Instead of worrying about the RIAA sending you a lawsuit, why not pay for privacy? In the end, though, maybe we can legitimize P2P. I don’t know. I always think it’s kind of funny when people try to quash file-sharing on the internet in one way or another, technically or legislatively. It’s funny because what they fundamentally want to prevent people from doing is sending bits to one another, and that’s all the internet does anyway. They want to turn the internet into television, pushing out all the products to you that you should buy. They hate the fact that the quivering masses out there have the ability to push stuff out to, and they especially hate it when they payed for the creation of that stuff. It’s understandable. They just want to make money like any reasonable corporation.
I’m not worried, really. It may be true that corporations are better at purchasing legislation than the American people, but in the end not even as corrupt a government as we have will turn their constituents into criminals. As more and more people realize that for essentially zero marginal cost they can make a copy of their CD, their DVD, their video game, you can bet your DMCA they’re going to do it, regardless of the law. It’s so easy. It doesn’t *feel* illegal. And even when they think of whom they’re screwing, they don’t Imagine it’s Peter Jackson or Eminem. They think of Sony Entertainment and BMG, and who gives a fuck about them, anyway? People just want to listen to music. If it were easier to pay for it, people would. People are lazy.

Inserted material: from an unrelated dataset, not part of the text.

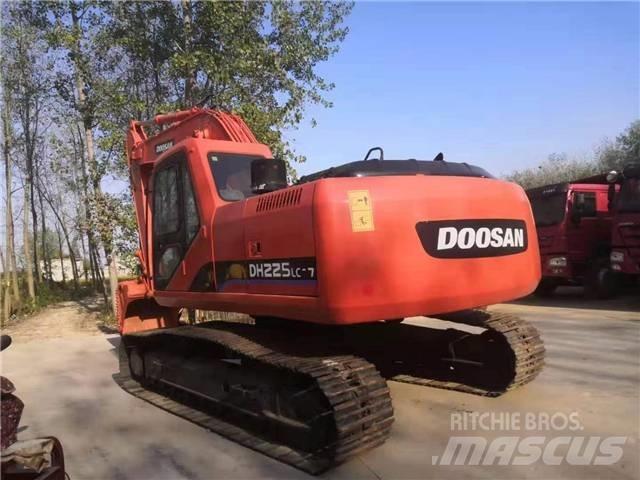 Doosan DH225 Гусеничні екскаватори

But it’s too hard to pay for it. Even though, to copy a DVD, I have to rip it, decrypt it, and remove region encoding (30 mins), then I have to trasncode it to fit on a DVD-R (1 hr), then I have to burn the finished product back to a DVD-R (20 mins), which costs me $1 in materials and quite a bit of time, it’s still more compelling than going to the store to spend over $20 for something which will entertain you for at best 6-7 hours for the duration of your ownership.
One of two things is going to happen:
(a) nothing. people will continue to be treated as criminals by media companies with no concern for customer satisfaction beyond the profit motive. Piracy will get easier and easier on old technology (CDs, DVDs, TV) and new technology will get more and more restrictive. It will be a constant arms race between pirates and content producers, and everyone will lose.
(b) someone will figure out how to make money by selling something worth buying. If I could buy a DVD movie for $7, I would do it in a second. I *know* they could make money on it. If I could by a CD for $7, I’d do it in a second. It’d be even easier to make money on that. CDs and DVDs cost pennies to manufacture. Cut prices drastically, and recover production costs in staggering volume.
I don’t have a lot of hope for b. But who knows? Enough ranting, I need to swap my next Netflix disc in to my Mac for ripping…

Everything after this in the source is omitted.